A verbatim printing of the entries that follow is needed; pictures must not appear in it.
--- Given information Enclosed Below ---
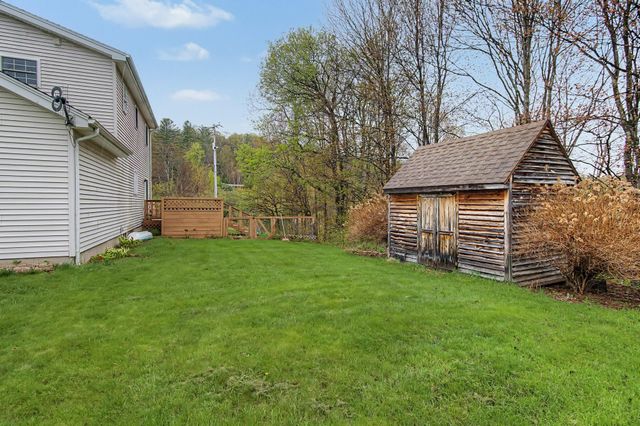 51 Meadow Brook Lane, Fletcher, VT 05444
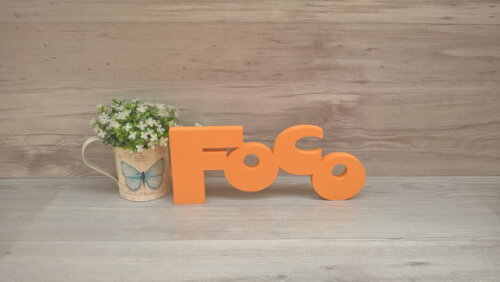 Palavra Decorativa Foco Modelo Retrô - 12 cm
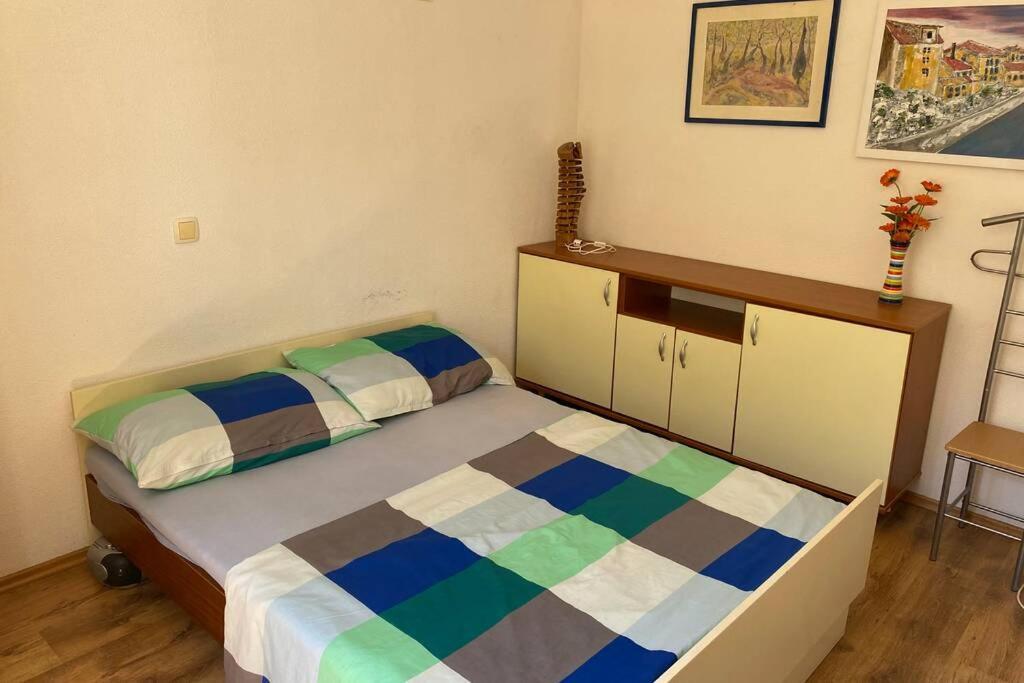 Apartman Toma Apartment Slatine Ngoại thất bức ảnh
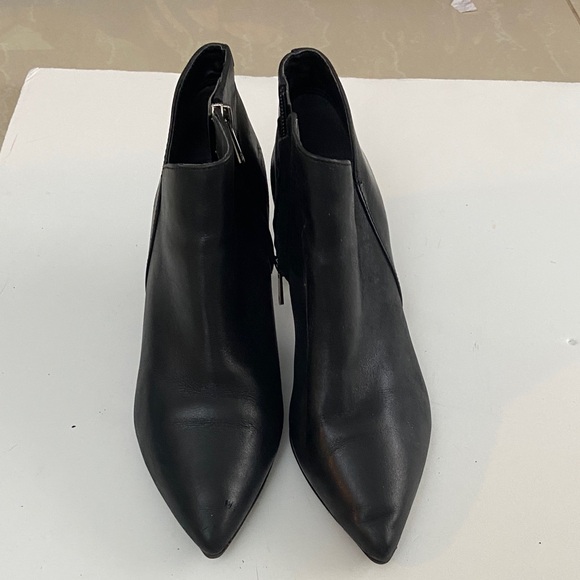 Elegant Black Ankle Booties - Picture 1 of 6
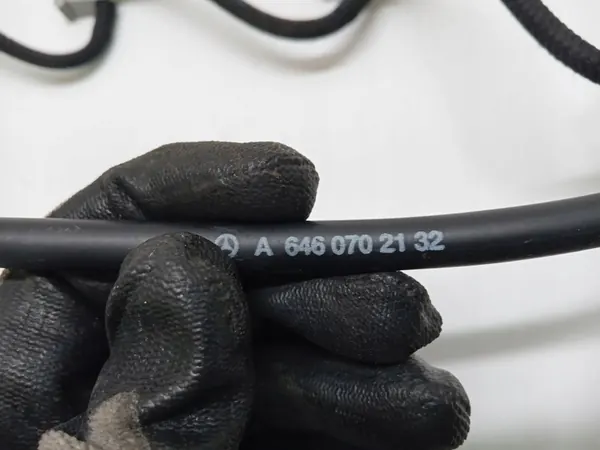 Brandstof retourleiding Mercedes W204 C 220 CDI image 4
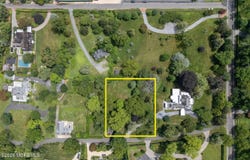 7 Belknap Lane, Rumson, NJ 07760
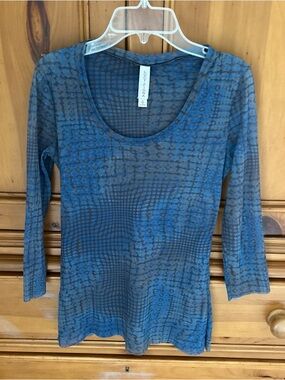 LUCY + FIONA Top Sz M Blue Gray Geo Print Nylon Mesh Knit Scoop Neck Y2K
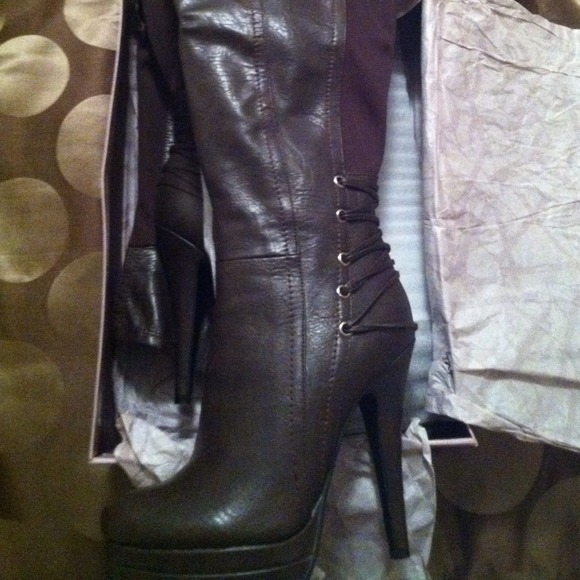 ❌SOLD to @eday ❌New Bakers over knee boots 👢
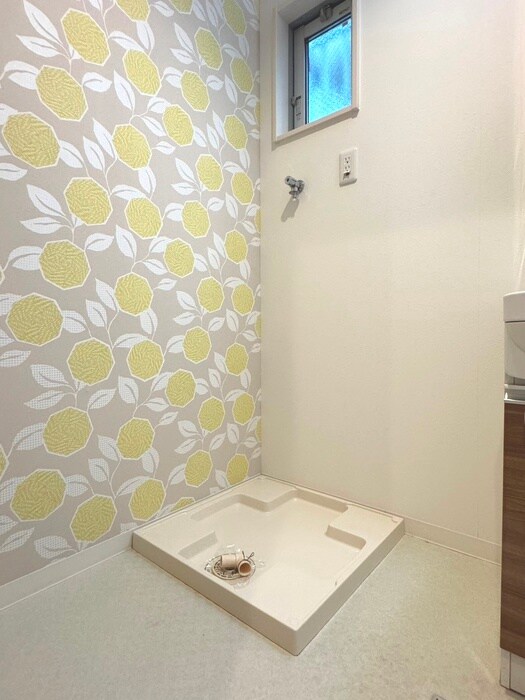 物件内観写真15　(洗濯機置場)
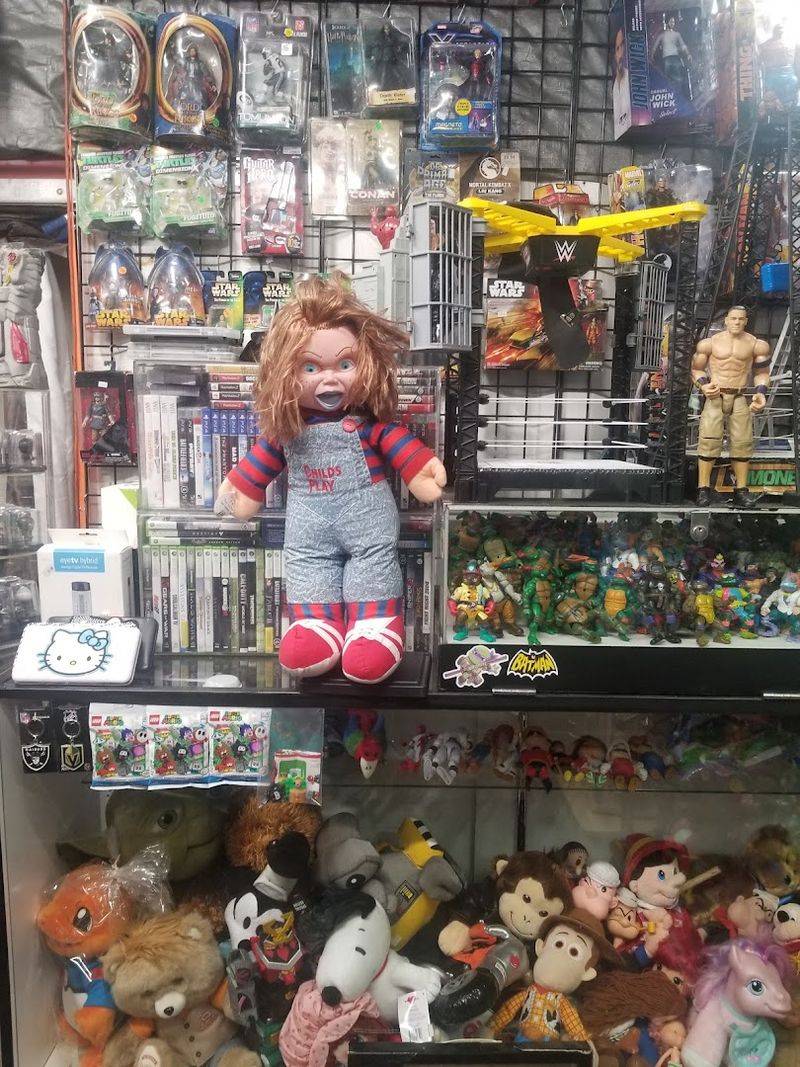 Toys, Collectibles, and Unique Souvenirs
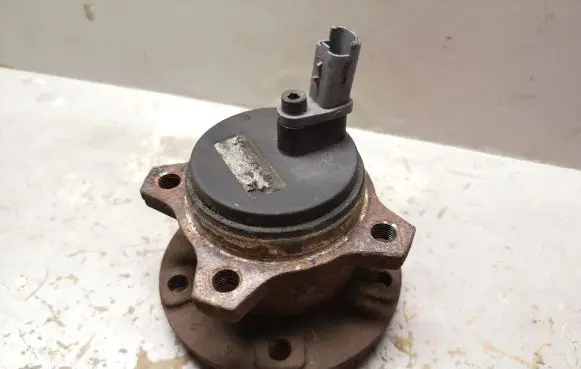 Citroen C4 II Picasso Rear wheel ball bearing 713260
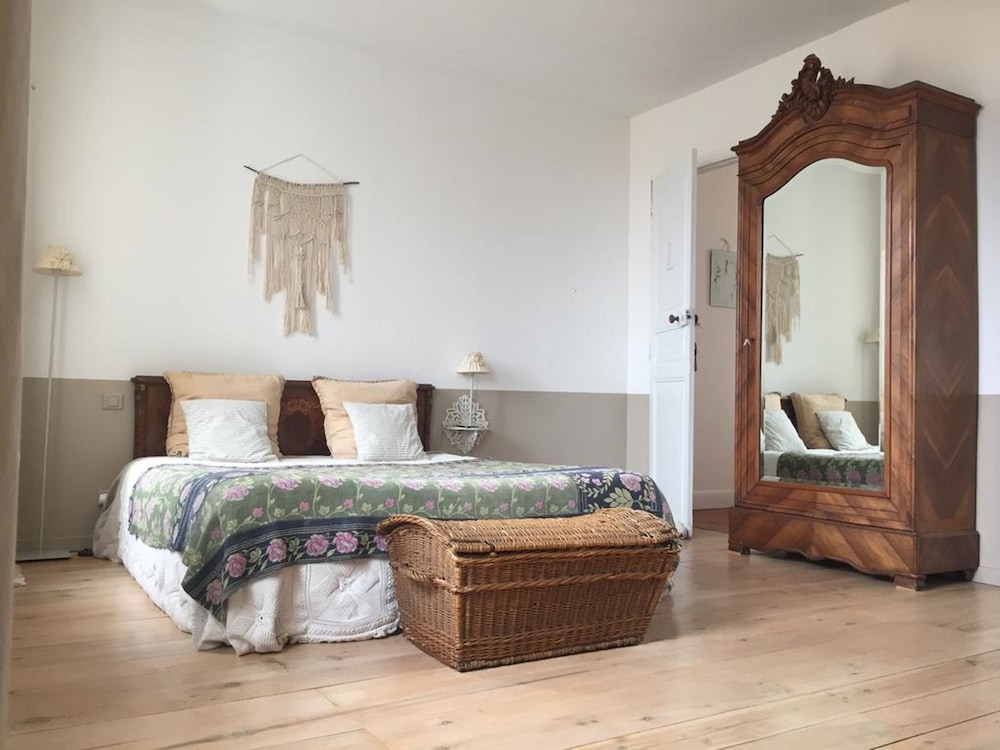 Traditional Double Room (La Campagnarde)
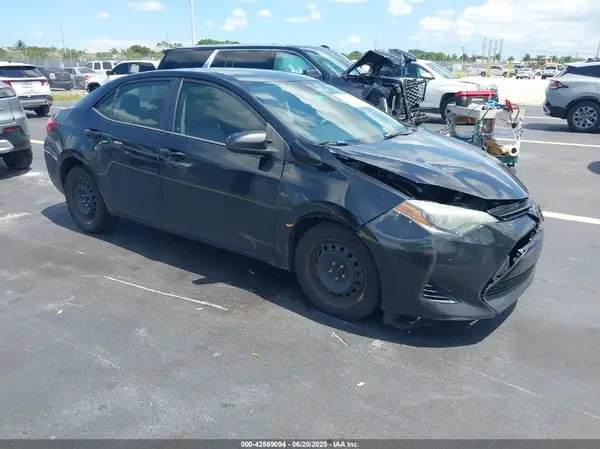 5YFBURHE3HP709265 2017 TOYOTA COROLLA - Image 1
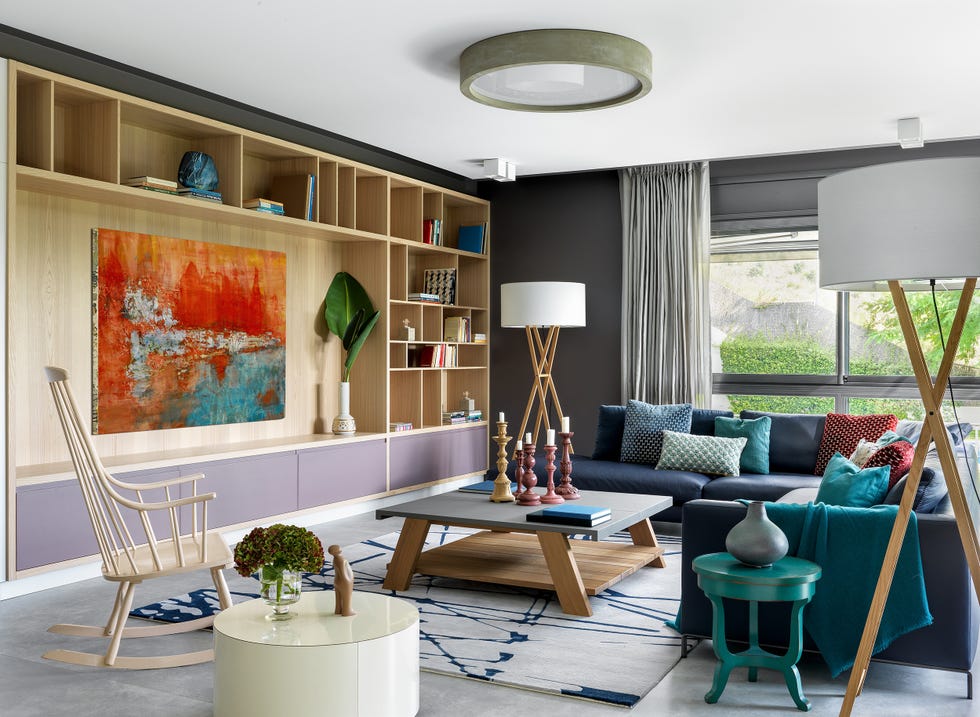 salón de diseño contemporáneo con sofá en l y chaise longue en color azul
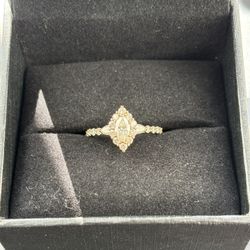 14k Gold / Natrual Diamond Ring
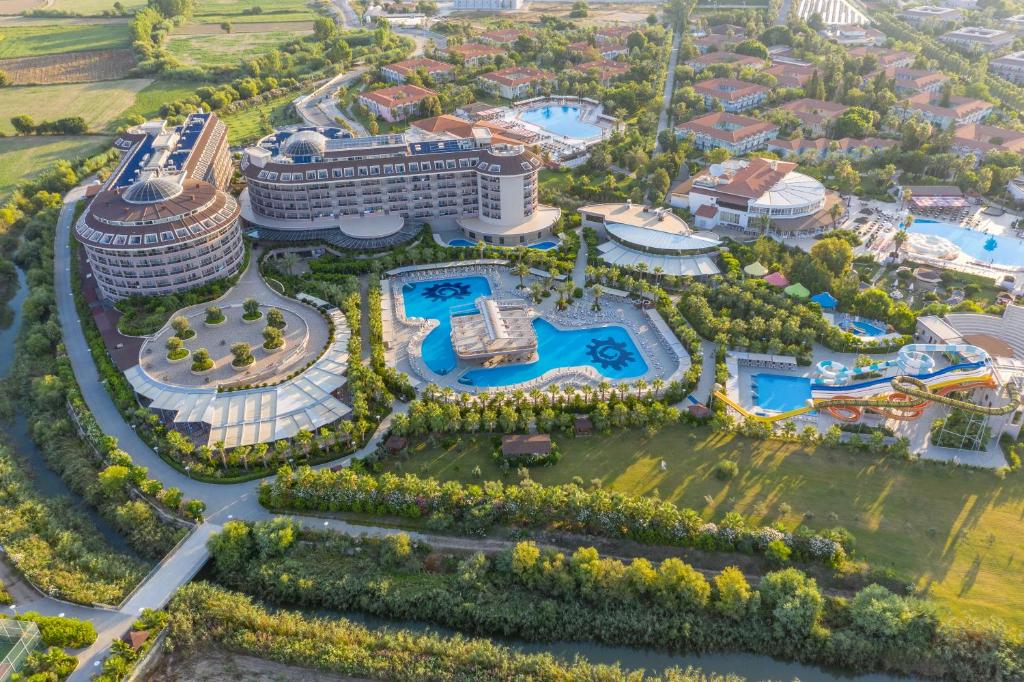 Bazén v ubytování Sunmelia Beach Resort Hotel & Spa-All Inclusive nebo v jeho okolí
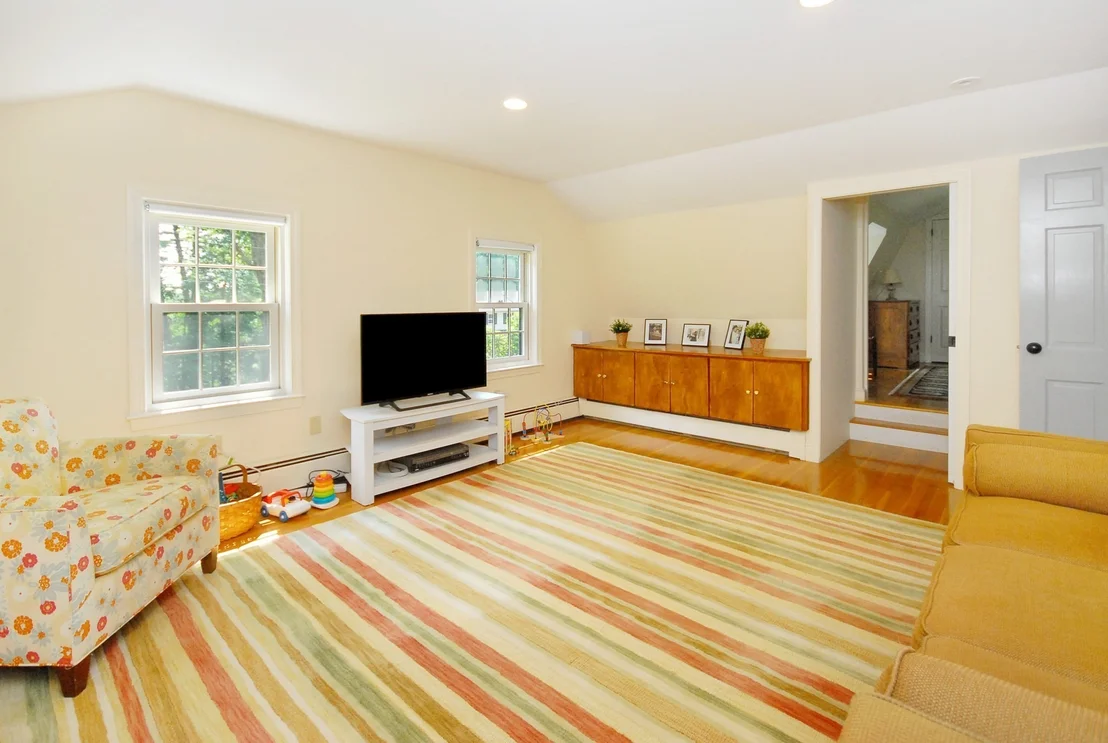 Photo of 46 Tarbell Spring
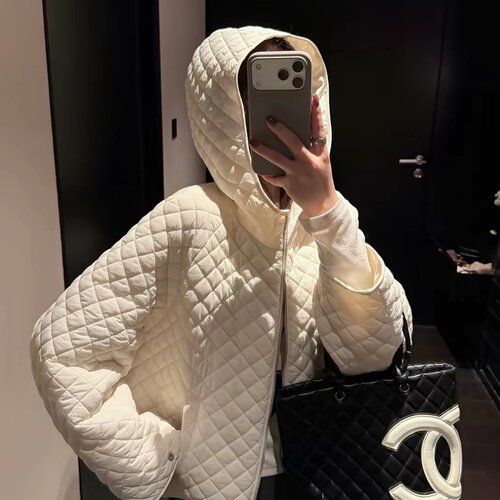 90白鸭绒菱格纹休闲连帽羽绒服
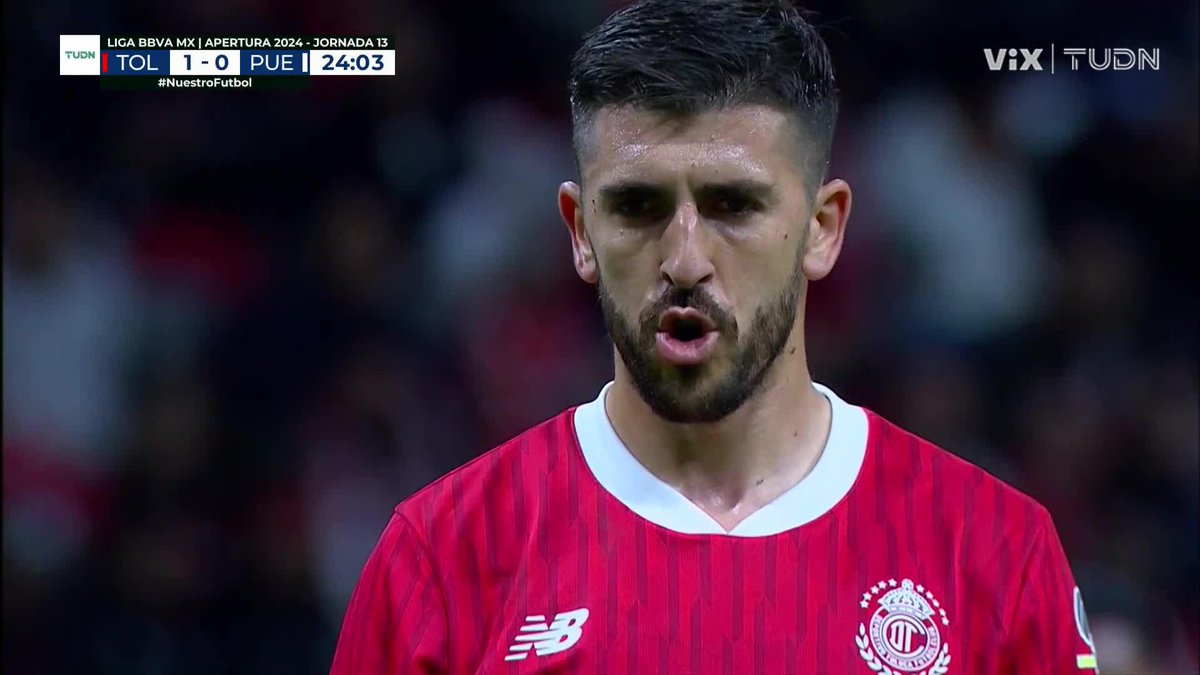 Ese es el mejor delantero de la liga? 🤡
--- End of Enclosed Given information ---
Solved exercise |
 51 Meadow Brook Lane, Fletcher, VT 05444
 Palavra Decorativa Foco Modelo Retrô - 12 cm
 Apartman Toma Apartment Slatine Ngoại thất bức ảnh
 Elegant Black Ankle Booties - Picture 1 of 6
 Brandstof retourleiding Mercedes W204 C 220 CDI image 4
 7 Belknap Lane, Rumson, NJ 07760
 LUCY + FIONA Top Sz M Blue Gray Geo Print Nylon Mesh Knit Scoop Neck Y2K
 ❌SOLD to @eday ❌New Bakers over knee boots 👢
 物件内観写真15　(洗濯機置場)
 Toys, Collectibles, and Unique Souvenirs
 Citroen C4 II Picasso Rear wheel ball bearing 713260
 Traditional Double Room (La Campagnarde)
 5YFBURHE3HP709265 2017 TOYOTA COROLLA - Image 1
 salón de diseño contemporáneo con sofá en l y chaise longue en color azul
 14k Gold / Natrual Diamond Ring
 Bazén v ubytování Sunmelia Beach Resort Hotel & Spa-All Inclusive nebo v jeho okolí
 Photo of 46 Tarbell Spring
 90白鸭绒菱格纹休闲连帽羽绒服
 Ese es el mejor delantero de la liga? 🤡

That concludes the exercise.